Q&A: Andy ColleyDec 25, 2012 05:18PM ● By Linda Persigehl
Q: How did you first discover your interest in woodworking? When did you decide to pursue it as a career?
A: Originally from Connecticut, I spent my childhood at Air Force bases in Japan, Hawaii, and the upper East Coast. I settled in Omaha about the time I entered high school. Throughout my youth, creativity in many forms had been an outlet, but never woodwork. Unsure of my future path after graduating, I started an entry-level position at a production cabinet shop. Within a few weeks, I was operating a production saw and then moved on to a bench, becoming a custom builder. After working at a couple shops in town, I started my own company. Ironically, a year later, I talked with an uncle who I hadn’t contacted in years and was told woodworking ran deep in my Connecticut roots.
Q: How has your craft and your studio progressed over the years?
A: Colley Furniture has been through many changes in 12 years. As I develop and hone my skills, my work evolves…an endless pursuit for a craftsman. With this growth have come increasing budgets as well as complexity of projects. I’ve been involved with projects from coast to coast and collaborated with many great artists, architects, and designers constantly trying to push our expectations of furniture. Located in Benson for 10 years, I moved downtown last summer. For the first time, the shop now has a showroom and a storefront.
Q: Describe your approach to furniture design. What sets your furniture apart from other work out there?
A: Typically, materials dictate the design of my work. I am fortunate as an artist to work in a medium that presents me with a great base to start. Every single piece of wood in my shop is unique in color, grain characteristics, and mechanical properties, from large slabs of walnut to slivers of highly figured maple. All of these attributes guide the way in which that particular piece is utilized. A certain piece [of wood] might look better, but it might not have the characteristics you need for that component. Humility and respect are rewarded. Use of hand tools and joinery in construction intensify the relationship to wood and provide otherwise unobtainable strength and longevity to [pieces]. Many times the most complicated, most time-consuming parts are hidden from view. Some bakers rely on fancy, over-the-top frosting; others devote their attention to a more refined use of ingredients and methods.
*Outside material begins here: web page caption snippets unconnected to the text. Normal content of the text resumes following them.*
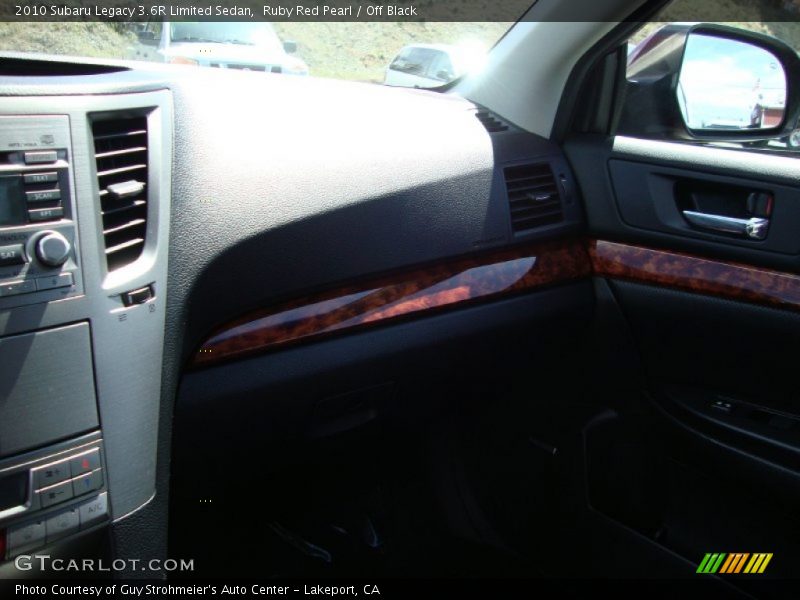Ruby Red Pearl / Off Black 2010 Subaru Legacy 3.6R Limited Sedan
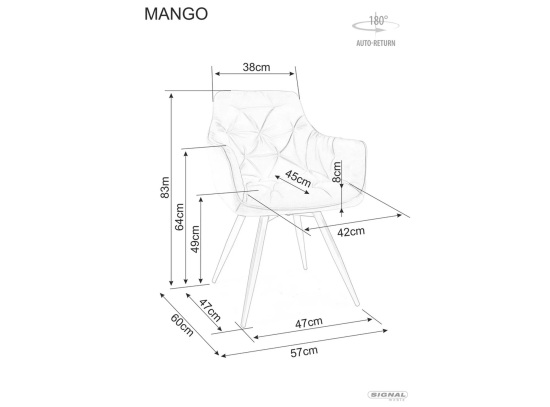 Стул Mango Signal Карі Vardo 66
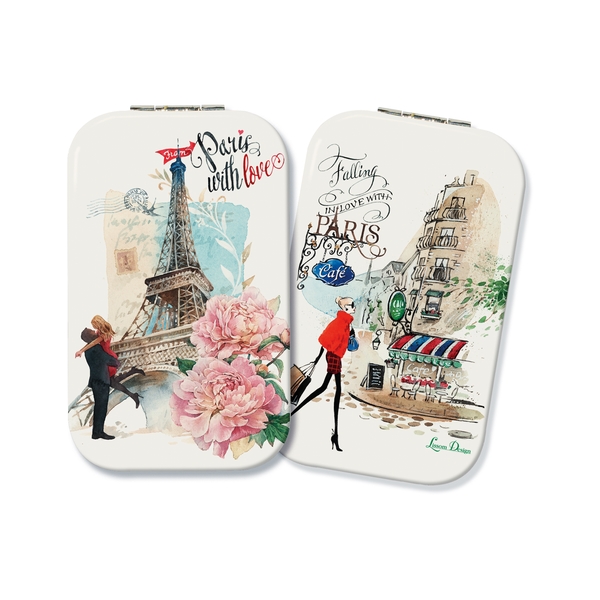 61071 2.25 x 3.75 x 0.38 in. Compact Mirror - From Paris with Love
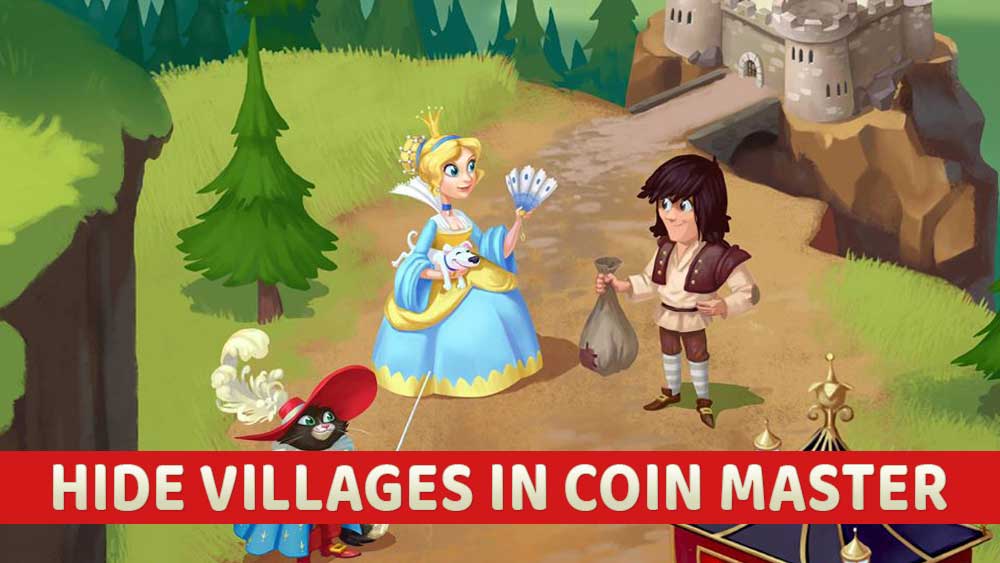 hide village in coin master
My intention is always to reveal and share the beauty of the wood without interference from design.
Q: What do you most enjoy about your work? What message do you hope your pieces convey?
A: One of my goals is to show people that furniture can be so much more than disposable, uninspired places to sit or set things on. It can be something so much more—from Grandma’s favorite rocking chair to your parents’ dining set that has been a gathering place for so many occasions and emotions—[furniture] can be very personal. It can have a positive effect on our lives, and when we respect the resources we use, we have a positive effect in this world. Inspiration surrounds us. The more aware we become of the world, the more we can understand and appreciate every aspect of life.
Q: What are your professional plans moving forward?
A: [The studio] is planning to show artists of all mediums here, with a focus on process…bridging the gap between an artist’s conception of a work and an art patron’s purchase of a finished piece. Face-to-face events, such as workshops, presentations, and even small dinner parties are in the works to help achieve this. Retirement is not a part of my plans, as creating is essential to my being. Art is life, life is art.